En consecuencia, son muchos los temas en los cuales se está ocupando y habrá de ocuparse el denominado constituyente derivado, que seguirá expidiendo más y más actos reformatorios de la Carta Política de 1991, a la cual –al momento de escribir estas líneas- se han introducido cuarenta y ocho reformas.
La Constitución ha ido perdiendo integridad y coherencia. Se improvisa con los proyectos y, a medida que en el Congreso pasan las reformas, por regla general en carrera contra el tiempo y en desarrollo de apresurados acuerdos inter partidistas para conformar las mayorías, se van añadiendo disposiciones –permanentes o transitorias- que desdibujan el sistema, en cuanto las modificaciones no persiguen estructurar un conjunto normativo armónico y estable que presida y oriente el orden jurídico estatal, sino conseguir objetivos políticos coyunturales y de corto plazo. La Carta Política ya no es el estatuto superior que, con lenguaje conciso, preciso y comprehensivo, en cuanto norma de normas, declara los valores, principios, garantías y derechos, a la vez que consigna las reglas fundamentales sobre composición, atribuciones, fines, frenos, contrapesos y controles aplicables al poder público, sino un extenso y engorroso documento de difícil lectura, cuya complejos términos se prestan para las más diversas interpretaciones, con las consiguientes dificultades para su aplicación y cumplimiento.

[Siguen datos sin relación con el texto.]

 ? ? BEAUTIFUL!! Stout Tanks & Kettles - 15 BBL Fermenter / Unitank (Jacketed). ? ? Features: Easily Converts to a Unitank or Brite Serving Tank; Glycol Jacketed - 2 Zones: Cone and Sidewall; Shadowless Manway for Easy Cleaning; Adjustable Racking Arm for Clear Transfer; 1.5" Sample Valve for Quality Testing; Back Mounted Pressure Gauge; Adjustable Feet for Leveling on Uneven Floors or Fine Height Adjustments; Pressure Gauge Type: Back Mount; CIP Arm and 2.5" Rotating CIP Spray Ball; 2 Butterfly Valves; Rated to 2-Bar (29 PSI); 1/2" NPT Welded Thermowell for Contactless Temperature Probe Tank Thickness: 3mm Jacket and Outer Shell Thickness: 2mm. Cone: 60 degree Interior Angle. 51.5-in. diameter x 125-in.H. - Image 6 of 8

Y, como es natural, todo ello hace que, en corto tiempo, se adviertan como indispensables las correcciones, aclaraciones y precisiones que, por supuesto, desembocan en nuevas reformas.

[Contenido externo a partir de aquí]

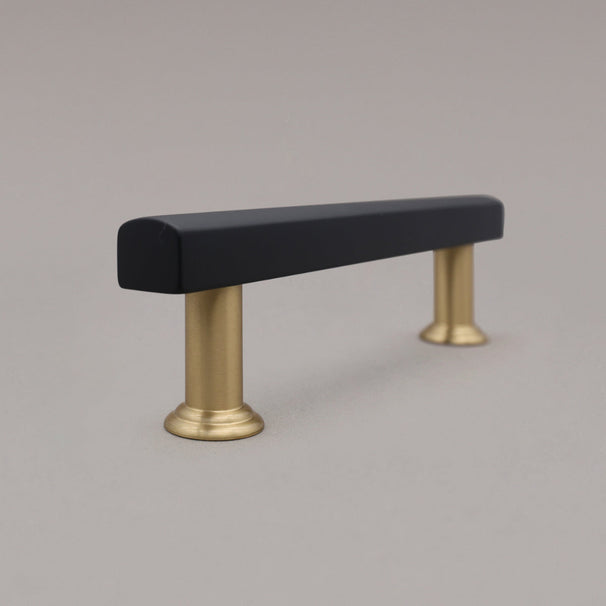 side view of black and brass cabinet pull standing on gray background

En fin, la Constitución, a punta de reformas e interpretaciones -incoherentes y contradictorias-, ha perdido el vigor y la estabilidad que deben caracterizar a la estructura fundamental de una organización estatal; su contenido es provisional, pues todo él está sujeto de manera permanente a inusitados cambios de enfoque y de política, hasta el punto de haberse distorsionado.